“Nothing worse than a rattly head,” says artist Kate Charles, shaking a disembodied baby doll head by its ear. As the owner of Cutie Pie Productions, Charles makes “Reborn Dolls,” uncannily realistic artificial infants crafted from vinyl, glass, doe suede, and up to 80 layers of paint. In the Reborning subculture, people “adopt” these dolls, which can cost up to $3,000, and often treat them like living babies, building nurseries and pushing them around in strollers.
“Dollhouse,” a short film by LA-based director duo Terri Timely, follows Charles’s practice of “Reborning,” as hyper-realistic doll-making is known. Like most Reborners, Charles considers herself an artist, not a craftsperson. The labor-intensive process of making a Reborn doll can sometimes take weeks.

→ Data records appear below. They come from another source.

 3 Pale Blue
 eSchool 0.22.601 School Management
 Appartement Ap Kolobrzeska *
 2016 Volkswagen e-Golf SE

In the seven-minute film, we see it unfold step-by-step: Charles stabs tiny hair-holes into the scalp of a doll head with an awl; removes painted doll limbs from a toaster oven and places them on sticks to dry; and swaddles a Reborn baby in bubble wrap before shipping it off in a cardboard box.

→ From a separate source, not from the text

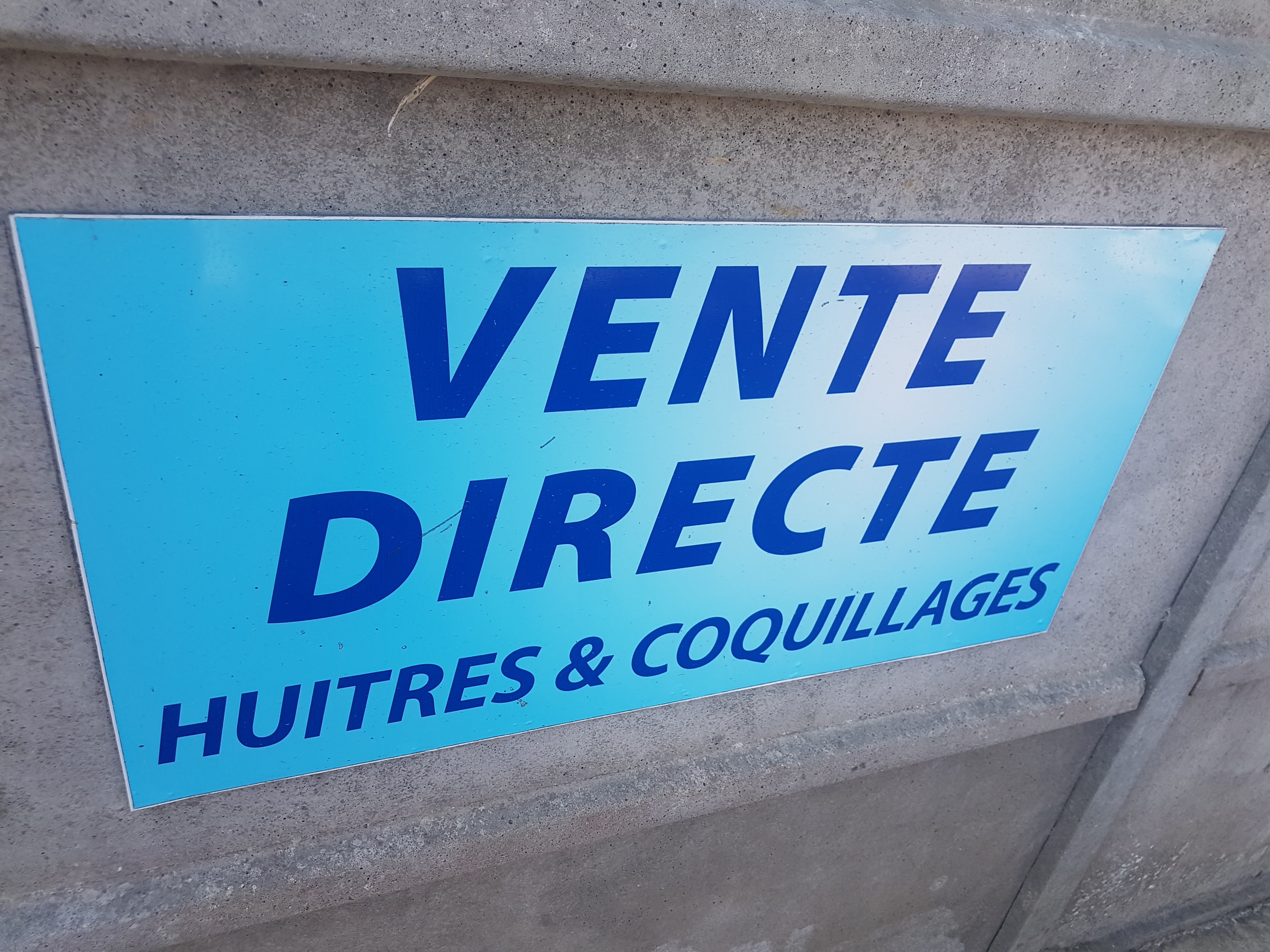 Photo n° 4 de l'avis de Thomas.a fait le 23/07/2020 à 08:28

If you find all this a little creepy, it’s not just you. “It is creepy,” Charles says. “There’s no other word for it.” She’s aware of the uncanny valley effect at play here: “When you’re trying to emulate real life, and you get pretty darn close, it’s gonna be creepy. But when you get past the initial [creepiness] and you know it’s a doll, you can go into the appreciation of what this person is trying to achieve.” More than sensationalizing documentaries like My Fake Baby, which profiled British “mommies” of Reborns, “Dollhouse” approaches its subject with compassion, showcasing the technical skill and emotional energy that go into this practice.
Regardless of what you think of her dolls, aspects of Charles’s creative process might seem familiar to any artist — to say nothing of the formal resonances between her work and that of hyperrealist sculptors like Ron Mueck and Duane Hanson. She describes the rarity of making work that she really loves, the satisfaction of getting into a zone that feels like “soul expression,” and the constant striving to make her “masterpiece.” “Doing this, I can totally understand, like, what happened to Michael Jackson,” she says. “He had Thriller, Thriller came out, it was lightning in a bottle, and then he spent the rest of his career trying to recreate that magic. And that’s what I’m constantly working for. That lightning in a bottle.”